━━━━━ Exercise materials
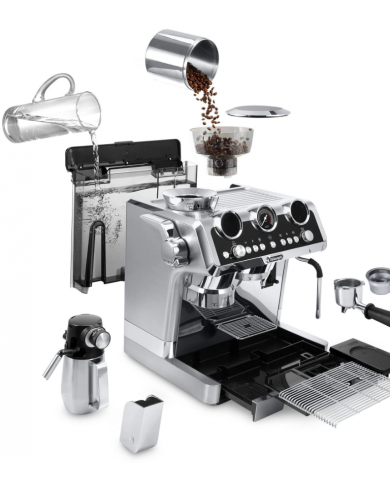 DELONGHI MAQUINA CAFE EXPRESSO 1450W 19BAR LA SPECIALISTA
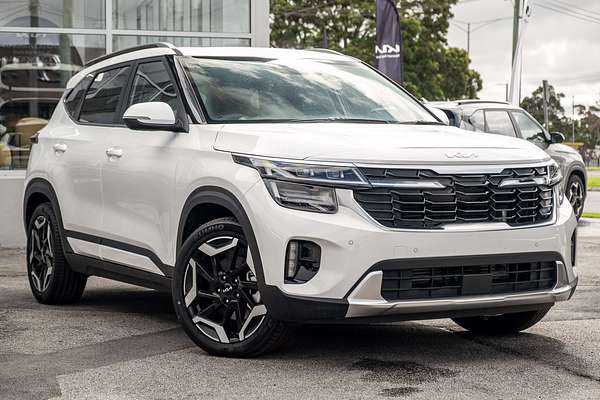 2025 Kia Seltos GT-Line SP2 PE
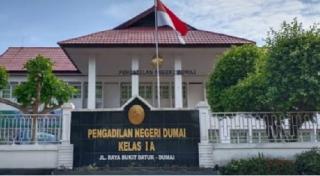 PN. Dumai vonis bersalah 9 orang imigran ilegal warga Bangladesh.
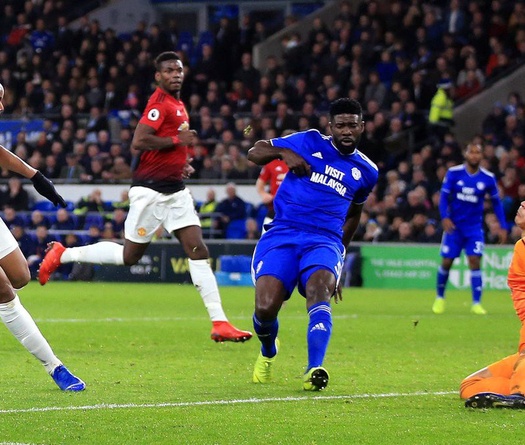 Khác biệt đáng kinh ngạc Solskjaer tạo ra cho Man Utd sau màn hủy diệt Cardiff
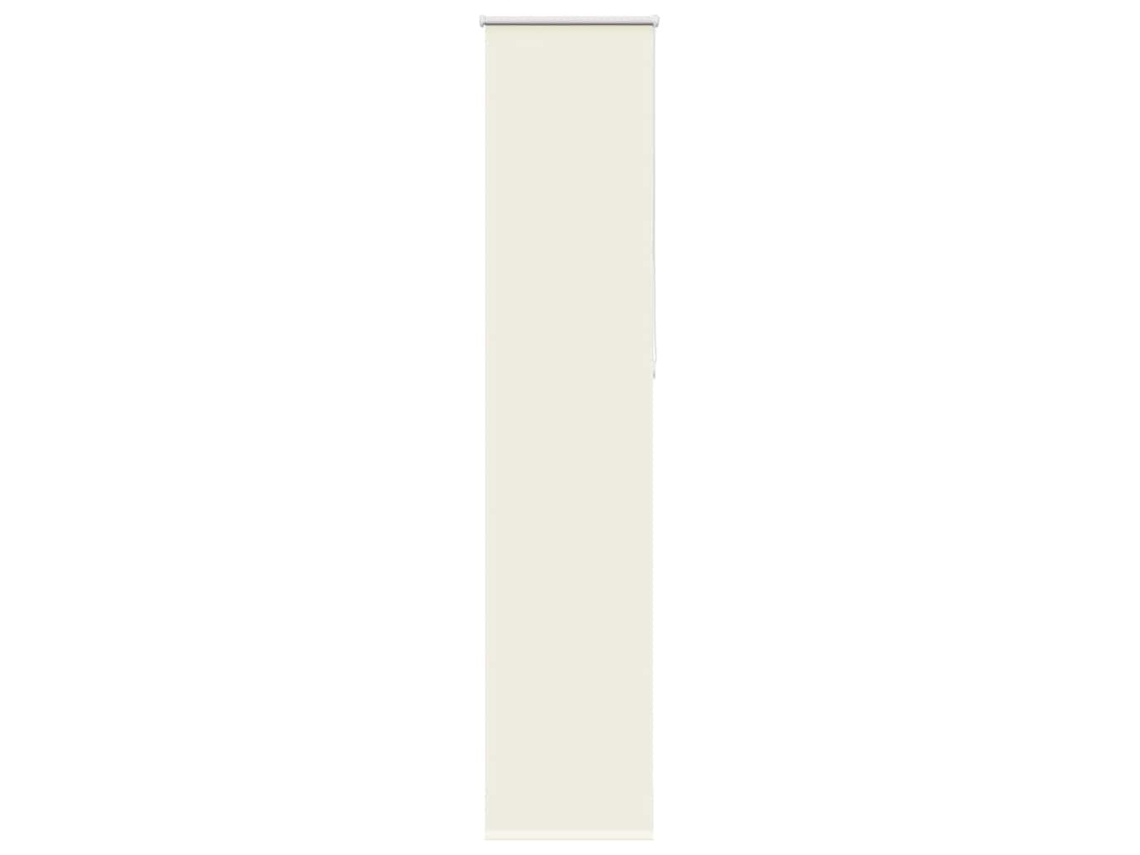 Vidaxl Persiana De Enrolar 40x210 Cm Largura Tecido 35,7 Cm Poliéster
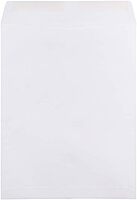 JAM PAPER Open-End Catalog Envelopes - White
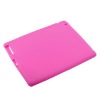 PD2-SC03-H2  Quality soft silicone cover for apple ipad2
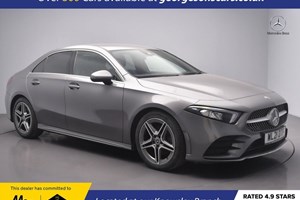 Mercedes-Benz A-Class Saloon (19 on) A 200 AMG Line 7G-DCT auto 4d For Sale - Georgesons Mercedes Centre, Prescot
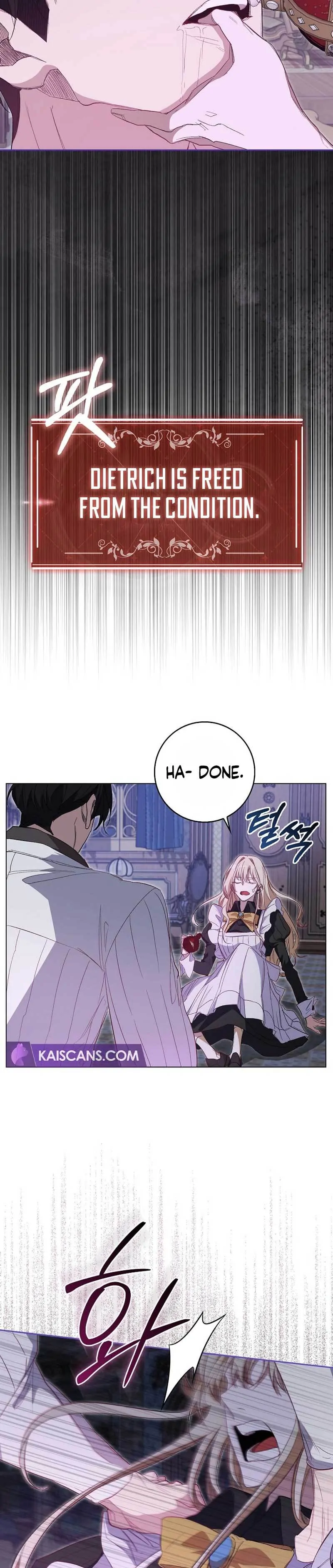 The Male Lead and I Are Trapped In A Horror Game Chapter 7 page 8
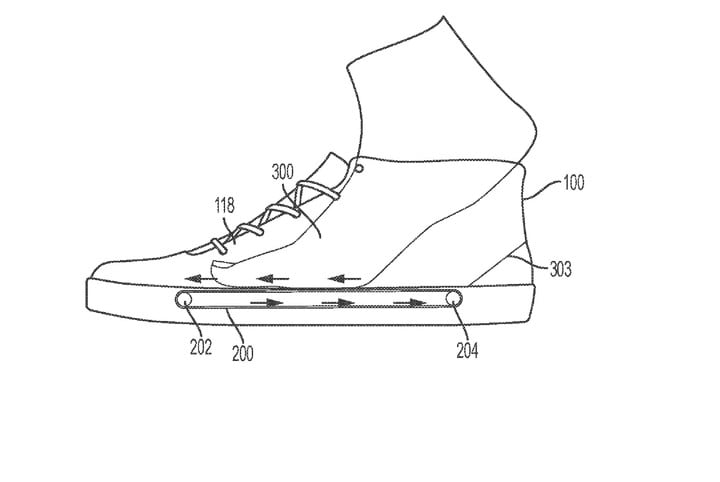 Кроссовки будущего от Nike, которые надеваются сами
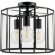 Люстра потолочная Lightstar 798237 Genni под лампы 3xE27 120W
━━━━━━━━━━
━━━━━ Exercise materials
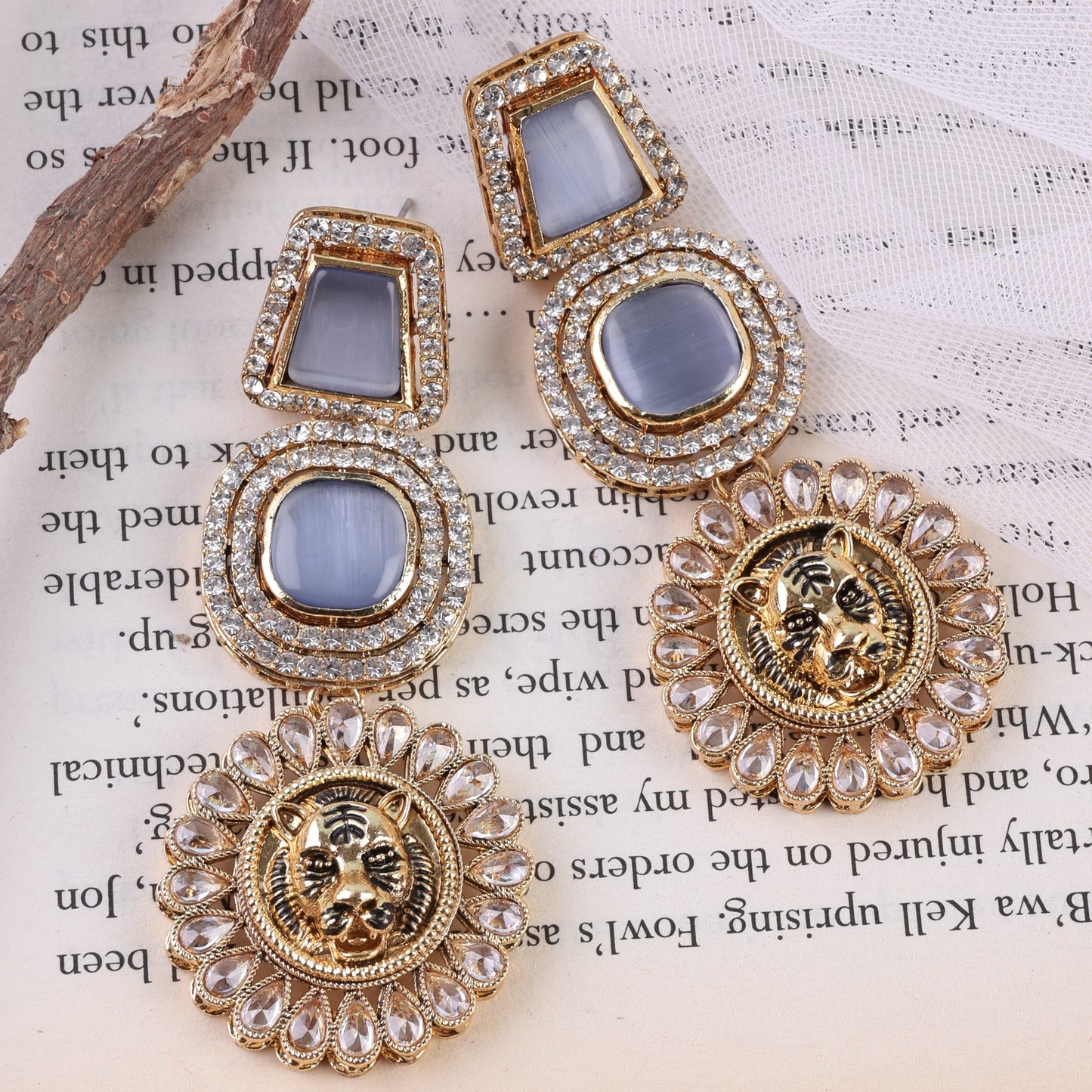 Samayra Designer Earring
━━━━━━━━━━
━━━━━ Exercise materials
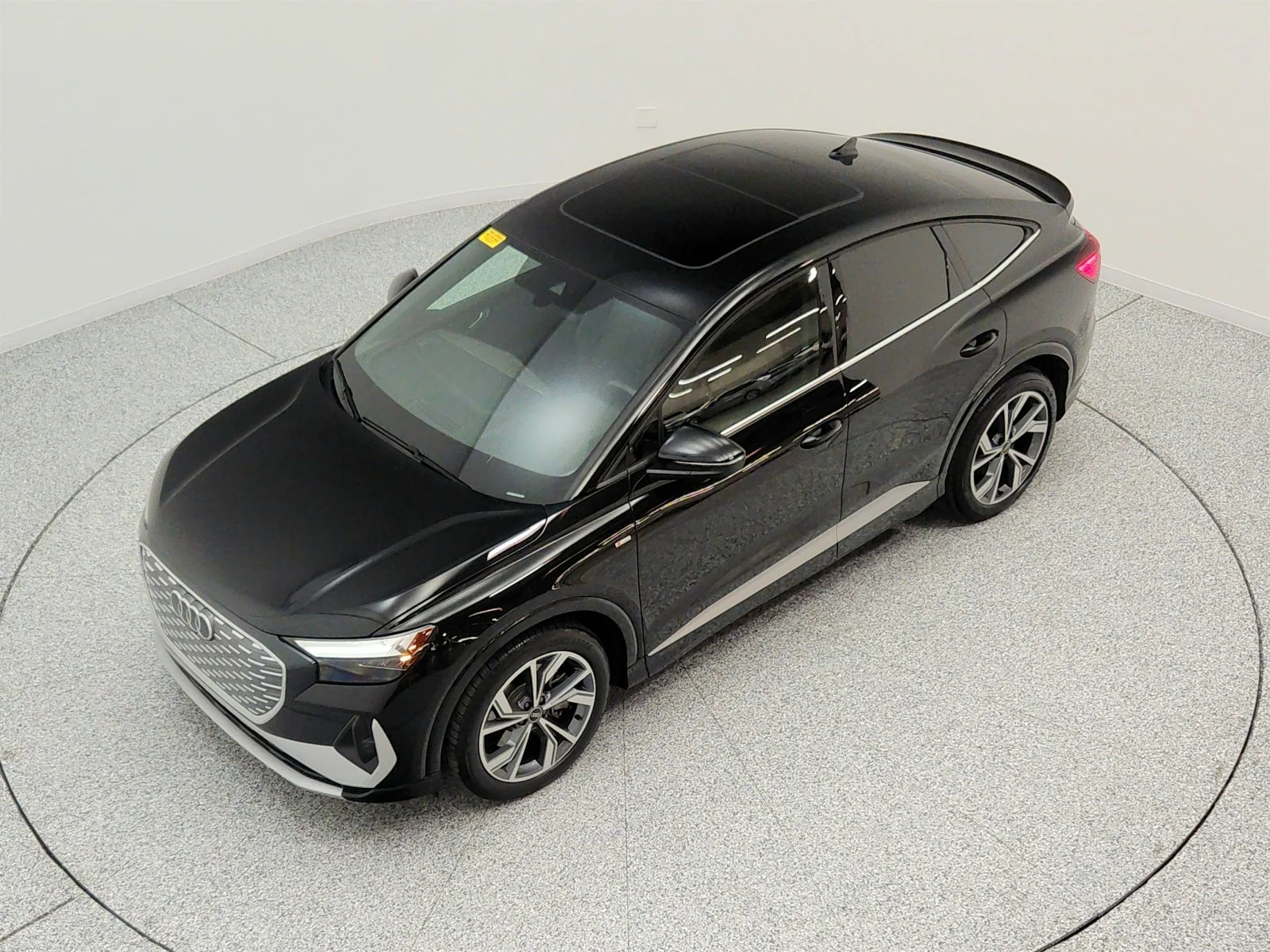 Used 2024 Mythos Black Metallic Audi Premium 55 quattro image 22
━━━━━━━━━━
• **Aim of the task**: Reproduce, exactly and only, the lines of the records above starting at the line with "DELONGHI MAQUINA CAFE" and ending at the line with "Кроссовки будущего от", both included. Leave every picture out.

• **Completed exercise**:
 DELONGHI MAQUINA CAFE EXPRESSO 1450W 19BAR LA SPECIALISTA
 2025 Kia Seltos GT-Line SP2 PE
 PN. Dumai vonis bersalah 9 orang imigran ilegal warga Bangladesh.
 Khác biệt đáng kinh ngạc Solskjaer tạo ra cho Man Utd sau màn hủy diệt Cardiff
 Vidaxl Persiana De Enrolar 40x210 Cm Largura Tecido 35,7 Cm Poliéster
 JAM PAPER Open-End Catalog Envelopes - White
 PD2-SC03-H2  Quality soft silicone cover for apple ipad2
 Mercedes-Benz A-Class Saloon (19 on) A 200 AMG Line 7G-DCT auto 4d For Sale - Georgesons Mercedes Centre, Prescot
 The Male Lead and I Are Trapped In A Horror Game Chapter 7 page 8
 Кроссовки будущего от Nike, которые надеваются сами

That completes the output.